Part 2: You screwed up. How do you recover?

In the last article I spoke making mistakes and moving past those mistakes. In this article, I go into more detail explaining why people usually fail when trying to recover from their mistakes and the key to truly overcoming bad times due to bad decisions being made.

In my last entry I talked about making mistakes and recovering from them. Let’s talk a bit more in-depth about mistakes. First, look at this picture:

Mass Effect 2 Paragon Renegade Stats

This is a screenshot from the game Mass Effect 2. The game was a revelation for me because it reminded me of something I knew, but forgot along the way. See the blue and red bars? The blue bars are paragon points, for being good in the game. The red bars are renegade points, for being bad in the game. In most games, there is one bar showing the total of good and bad (completely hiding bad actions if there were more good actions).

Life does not work that way.

No one is perfect, everyone makes mistakes and most mistakes should not follow someone forever. In Mass Effect 2, they make it very clear which actions are good and which ones are bad. The player makes the choice to do bad. When I started playing Mass Effect, I didn’t like two bars. I wanted my paragon bar to be maxed with no renegade because I wanted a “good” character (note her name – Angel). As I played the game, there were situations where I wanted to do the renegade action. For example, a bartender tried to poison my character. Going back and confronting the bartender was clearly marked as a renegade action (which I did). It became clear I had to make a choice: either play the game making decisions I did not like to have full paragon points or I played the game that would be most fun (or made the most sense) to me and have renegade points. You can see what I did.

Real life is the same way.

Goody two shoes…

No matter how good someone tries to be, they’ll end up doing something “bad”. I consider myself “good” but I still do “bad” things, depending on the situation. If someone steps to me wrong, I am not going to be a “good little girl” and take it because I believe people treat you the way you allow them to treat you. The truth: most people know when they are doing a renegade action and they have an idea, if found out, how “bad” the outcome would be. When people talk negatively online about their jobs, they have a pretty good idea that there would be a price to pay if the co-workers they were talking about read what they said. It’s cowardly, to go online and vent instead of speaking up. However, people do it every day and people get fired for it every day. Why? People foolishly believe they will not get caught. This does not change the action of saying something behind someone’s back being a renegade action.

The goodest of the good do bad things. Do you go over the speed limit? Never tell a lie? Pay all of your bills on time? Always keep your word? Ever go over budget or over spend? There are renegade actions littered within good actions. The good actions do not make up or take away the renegade (bad) ones.

The goal to recovering from mistakes

Mistakes are a part of being human. Appreciate your mistakes for what they are: precious life lessons that can only be learned the hard way. Unless it’s a fatal mistake, which, at least, others can learn from.

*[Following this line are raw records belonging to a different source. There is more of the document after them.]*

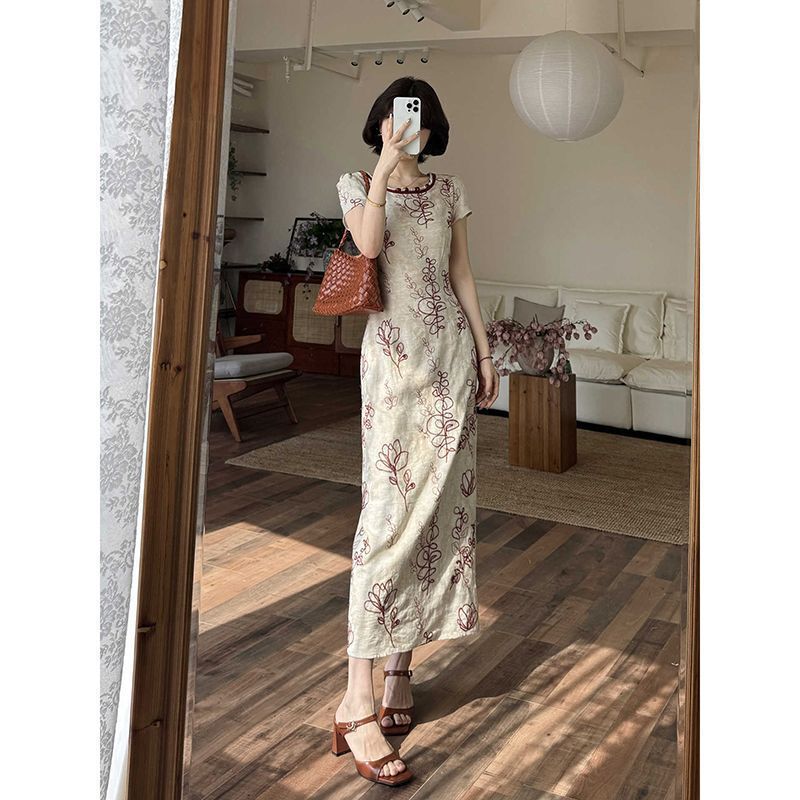 冷淡系穿搭独特漂亮掐腰国风印花连衣裙女夏季百搭巨好看的小裙子|undefined
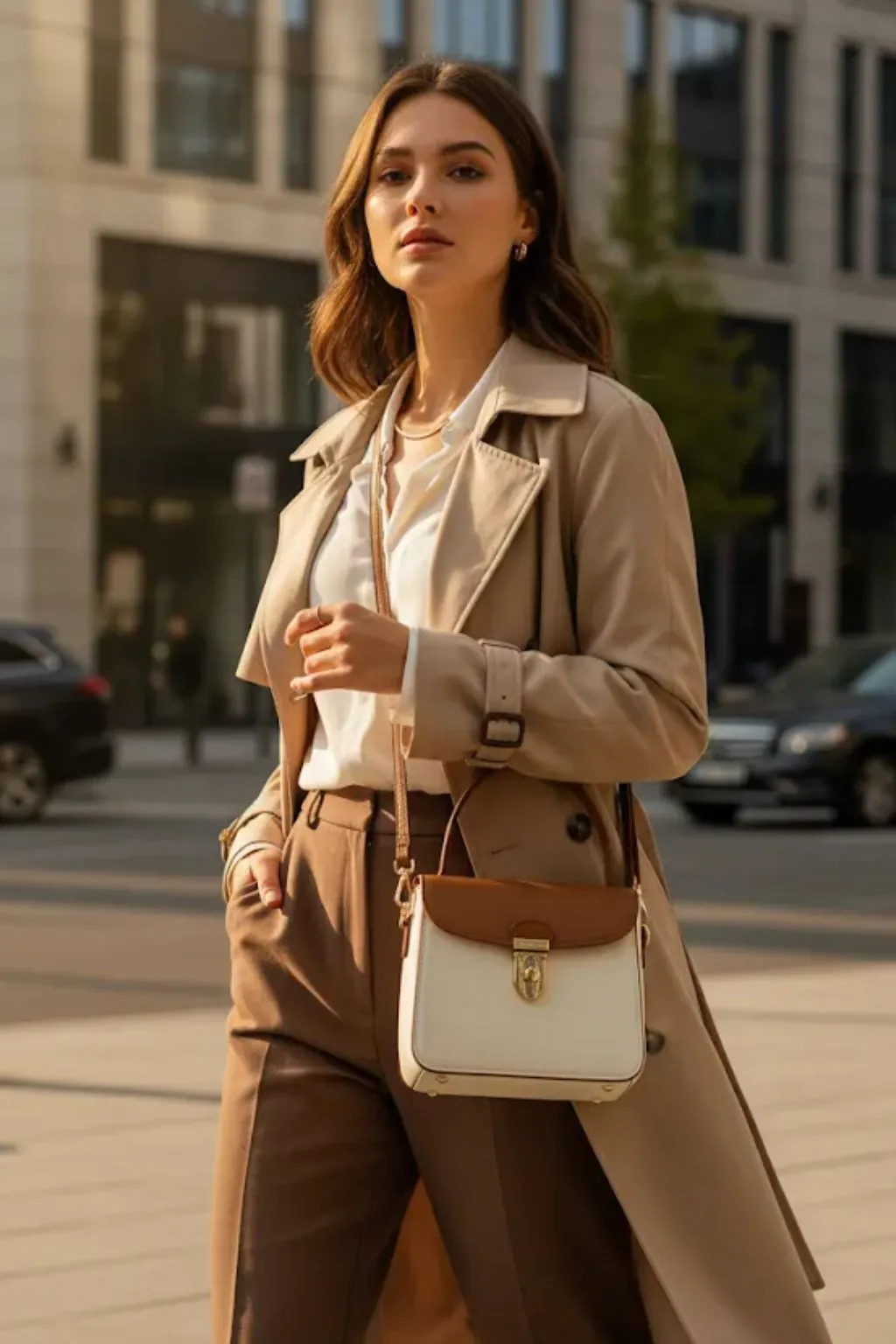 Modelka w skórzanej kurtce w mieście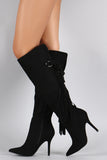 Qupid Suede Tassel Fringe Pointy Toe Stiletto Heeled Knee High Boot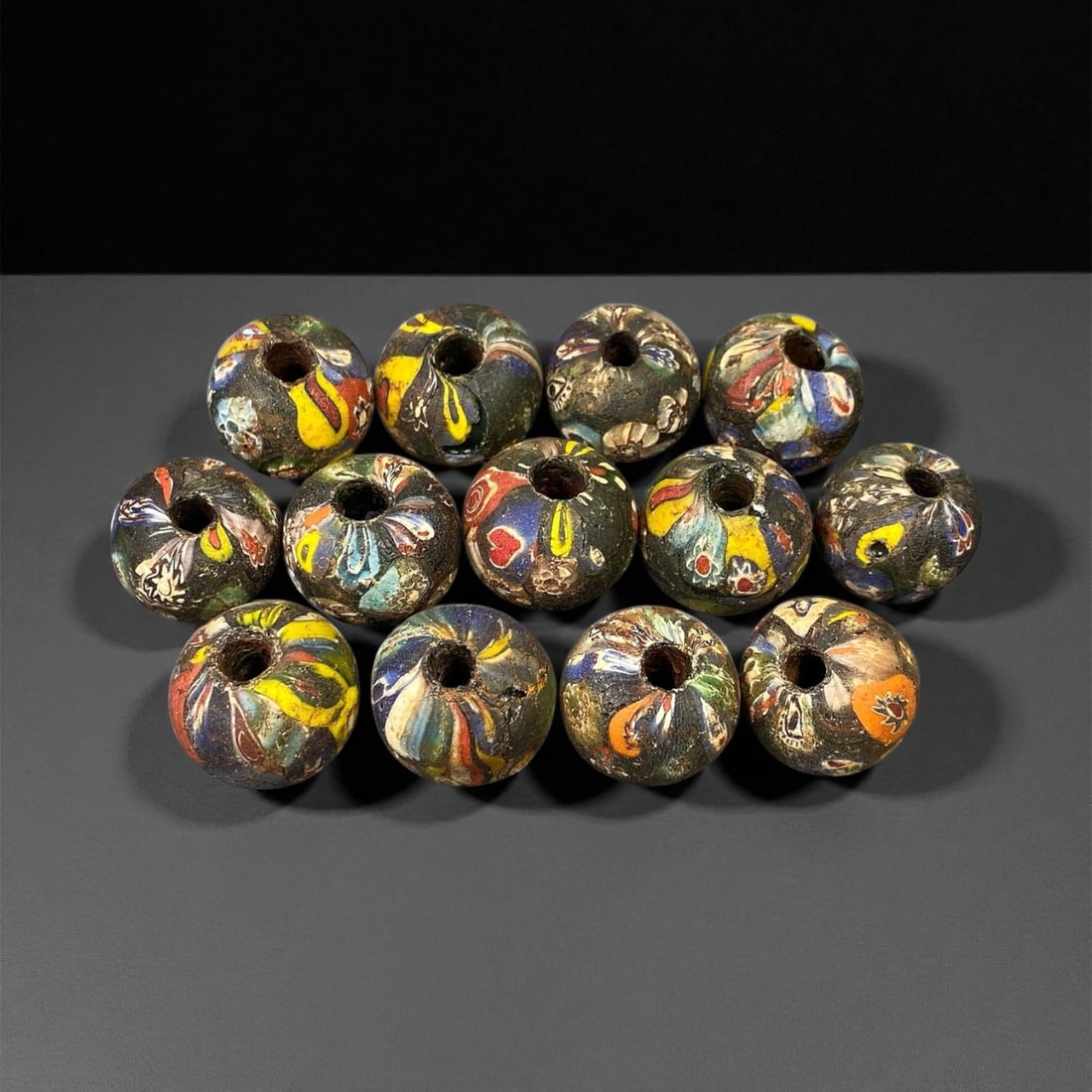 Antique Venetian "End of the Day" Scramble Glass Trade Beads, Mid-20th Century, 2-2.3cm, 54C (1 of 1)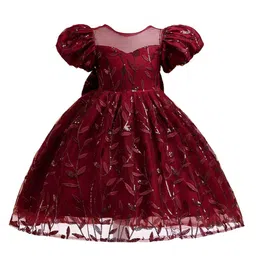 StyleCast Maroon Embellished Puff Sleeve Fit & Flare Dress-image-75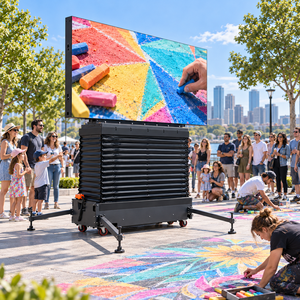 Écran LED extérieur grand format P4 sur roues, résistant au vent, panneau publicitaire réutilisable pour événements de divertissement en plein air, festivals et carnavals. - Product Image 6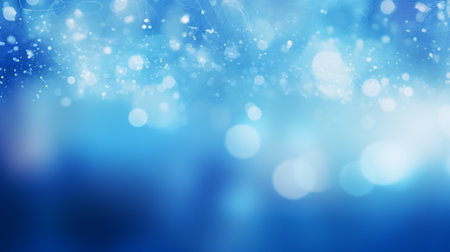 abstract blue background with bokeh defocused lights and starsの素材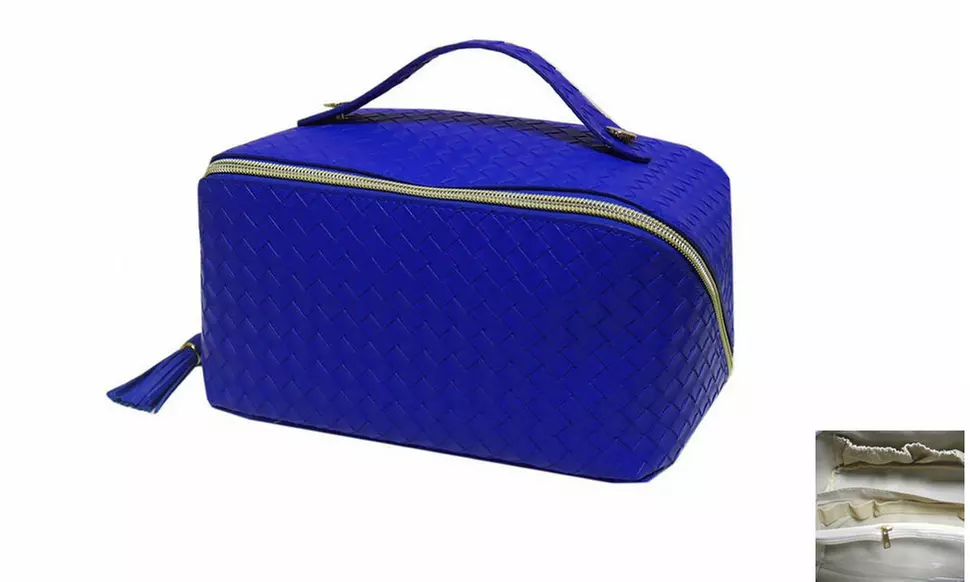 Large Capacity Lay Flat Makeup Bag Travel Cosmetic Bag Multifunctional Storage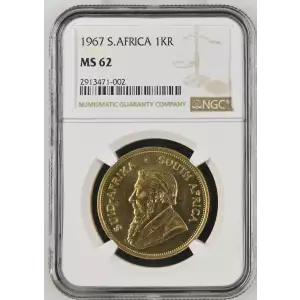 1967 SOUTH AFRICA Gold 1 oz KRUGERRAND NGC MS-62 (2)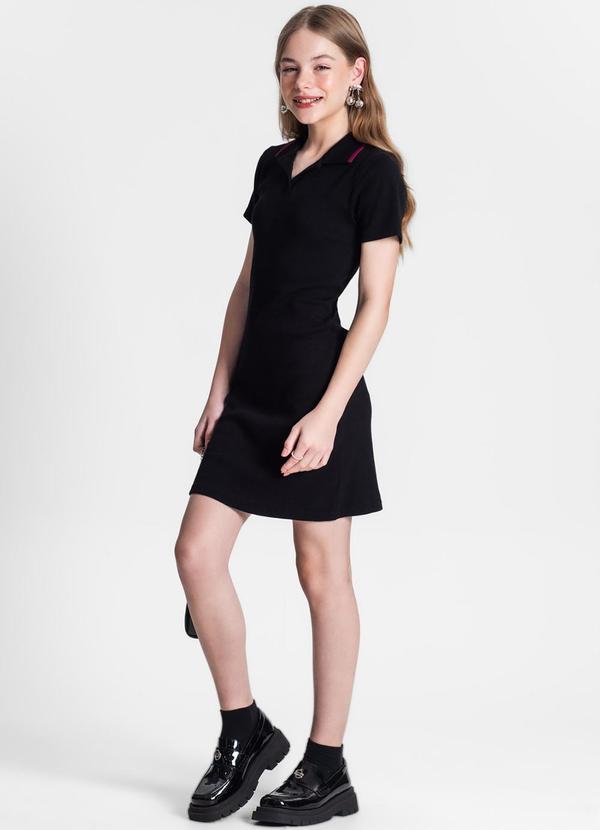 Minty - Vestido Juvenil Feminino em Ribana Preto 3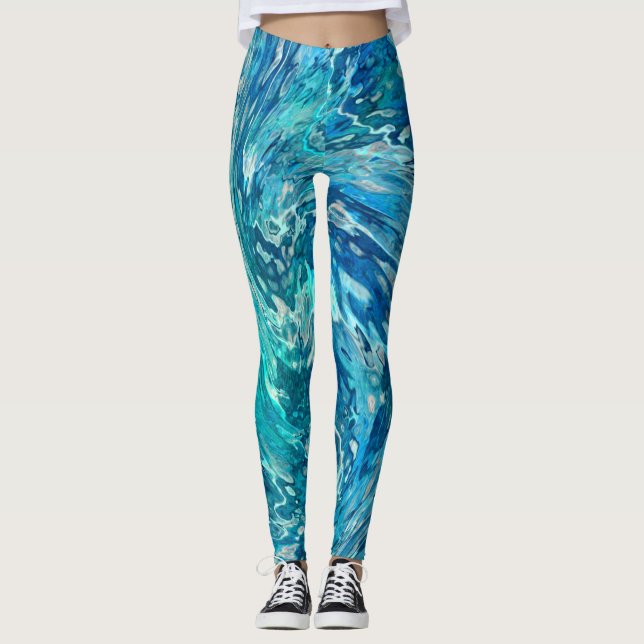 Fantastisk Abstrakt Wave Leggings (Framsida)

The goal is simple, right? A person should have more paragon (good) actions than renegade (bad) actions. There is one problem: doing good does not equate to wiping away the bad. You cannot change your story, you cannot re-write history, you cannot change your past. Many people do something good to receive the benefit of clouding the bad action. For example, an employee might seem to be hard working but that is only because the worker is trying to cover the lie told that the project was further along than normal. Or a cheating spouse might get a gift for their mate to ease their guilt.

The key to recovering from a mistake is doing good; expecting nothing in return.

Doing something for the benefit of receiving something in return is not a good action; it’s a manipulative act to get your way. This is why many people fail to recover from big mistakes; their intent was not sincere. They end up reverting to the old behaviors because nothing changed, outside of getting caught.

Going back to Daniel’s situation, to recover he’d first have to sincerely apologize. Most people did not accept the statement as being sorry for what he did. However, the apology should happen when he has changed and it would bother him not to apologize, not to get in anyone’s good graces. He would also return any items he might have received in exchanged for writing the articles, especially since those articles were deleted. Keeping the merchandise (if he received any) would bother him if he sincerely changed. Eventually, doing “good” things for the right reasons (if he sincerely changes), people will leave the past in the past. The motivations behind the good actions are pure and non-selfish.

When trust is broken it takes time. There is no rushing the healing process and no guarantee the trust can be rebuilt. The best option is to not take the renegade actions unless you’re sure you can live with the outcome.

Edit: Daniel did an interview. Note how he talks as if he still works at TechCrunch in the beginning. Note he dodges with the details with what happened with the solicitation of items in exchange for articles. Personally, I think Daniel should have kept his mouth shut. So much for Andrew helping to build the kid up. Let me be clear on this: Andrew keeps asking Daniel what happened with his “exclusive” interview. Doing this interview proves Daniel is too wet behind the ears to be in tech. It pains me to watch this video. On the real.